Now we want to detect shellcode in the network stream, protocol independent. At first we have to record the stream, this is optionally done in within the c core, if processing for the connection is requested by the protocol. We may want to run different checks to the stream to check for shellcode, and each check will require its own contextual data, as well as its own stream, addionally we want to run the detection/processing in threads.
For now, there are 2 useable processors we can run on streams, an libemu based detection processor, and a dumper, which writes the stream do the logfile.
If io comes in, it is appended to the processors own stream, and the stream processor is queued in the thread-pool to check the new data.
If the emu stream processor heuristics detect a shellcode, it will try to run the shellcode and create a profile for the shellcode. The profile contains all detected api calls, their args and return values. This profile is serialized to json, and emitted as incident.
The incident is delieverd to an incident handler, the incident handler reads the json profile, and -taking the api calls and args- tries to guess what the shellcode wants to do.
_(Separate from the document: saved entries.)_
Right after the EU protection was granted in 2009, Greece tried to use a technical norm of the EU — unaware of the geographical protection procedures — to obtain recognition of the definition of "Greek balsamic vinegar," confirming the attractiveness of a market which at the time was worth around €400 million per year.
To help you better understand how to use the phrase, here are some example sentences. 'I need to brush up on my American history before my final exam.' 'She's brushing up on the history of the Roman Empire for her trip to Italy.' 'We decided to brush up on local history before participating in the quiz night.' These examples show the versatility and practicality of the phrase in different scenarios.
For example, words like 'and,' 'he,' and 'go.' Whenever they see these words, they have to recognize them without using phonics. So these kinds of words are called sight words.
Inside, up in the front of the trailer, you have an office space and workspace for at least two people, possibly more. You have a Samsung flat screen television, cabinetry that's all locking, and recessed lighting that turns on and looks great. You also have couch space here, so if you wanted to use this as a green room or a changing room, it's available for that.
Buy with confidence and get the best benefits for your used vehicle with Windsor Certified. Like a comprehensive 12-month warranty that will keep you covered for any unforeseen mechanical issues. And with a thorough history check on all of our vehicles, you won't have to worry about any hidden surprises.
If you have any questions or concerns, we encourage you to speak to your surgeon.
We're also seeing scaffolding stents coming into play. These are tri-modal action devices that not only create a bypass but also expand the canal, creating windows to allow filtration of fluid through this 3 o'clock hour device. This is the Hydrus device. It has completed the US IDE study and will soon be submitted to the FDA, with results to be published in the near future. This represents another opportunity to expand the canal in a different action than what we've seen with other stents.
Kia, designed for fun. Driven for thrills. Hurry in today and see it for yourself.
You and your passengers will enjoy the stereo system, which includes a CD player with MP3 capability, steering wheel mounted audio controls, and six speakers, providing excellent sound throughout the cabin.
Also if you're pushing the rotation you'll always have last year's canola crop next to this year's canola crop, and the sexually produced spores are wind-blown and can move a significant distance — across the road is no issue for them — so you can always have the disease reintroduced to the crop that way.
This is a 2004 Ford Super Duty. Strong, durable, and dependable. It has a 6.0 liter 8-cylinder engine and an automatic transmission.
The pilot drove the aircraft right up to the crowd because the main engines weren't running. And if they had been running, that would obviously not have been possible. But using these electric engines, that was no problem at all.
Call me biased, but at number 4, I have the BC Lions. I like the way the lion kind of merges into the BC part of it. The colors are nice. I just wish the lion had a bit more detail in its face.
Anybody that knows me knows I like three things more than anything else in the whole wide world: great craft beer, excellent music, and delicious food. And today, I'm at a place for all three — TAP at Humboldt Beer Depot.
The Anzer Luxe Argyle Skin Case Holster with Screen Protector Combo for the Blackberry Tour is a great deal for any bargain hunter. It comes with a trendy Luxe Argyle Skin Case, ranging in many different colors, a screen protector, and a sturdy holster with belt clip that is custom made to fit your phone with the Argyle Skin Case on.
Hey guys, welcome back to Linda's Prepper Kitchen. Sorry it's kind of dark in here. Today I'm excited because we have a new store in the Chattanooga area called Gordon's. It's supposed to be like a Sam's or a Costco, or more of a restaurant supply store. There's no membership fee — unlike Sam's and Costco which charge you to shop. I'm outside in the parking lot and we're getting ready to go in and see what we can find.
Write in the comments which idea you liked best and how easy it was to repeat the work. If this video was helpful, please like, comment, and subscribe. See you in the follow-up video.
If the handler could make sense of the api calls, he will run the appropriate actions to satisfy the requirements, bind a 'shell' to a port, download something, or run a command.
For cmd.exe shellcommands, we have to parse the commands and take appropriate action. If the commands instruct to download a file, we emit an incident which includes the url.
This incident is delieverd to an appropriate handler, which will download the file. We use curl for http, modified tftpy code for tftp and self a scripted ftp client to deal with ftp.
There is lots of space for improvements, for example storing the files downloaded, dumping the streams in a binary format for further analysis, useful logging, ..., but we started a completly new project, and I'm glad we got so far for now.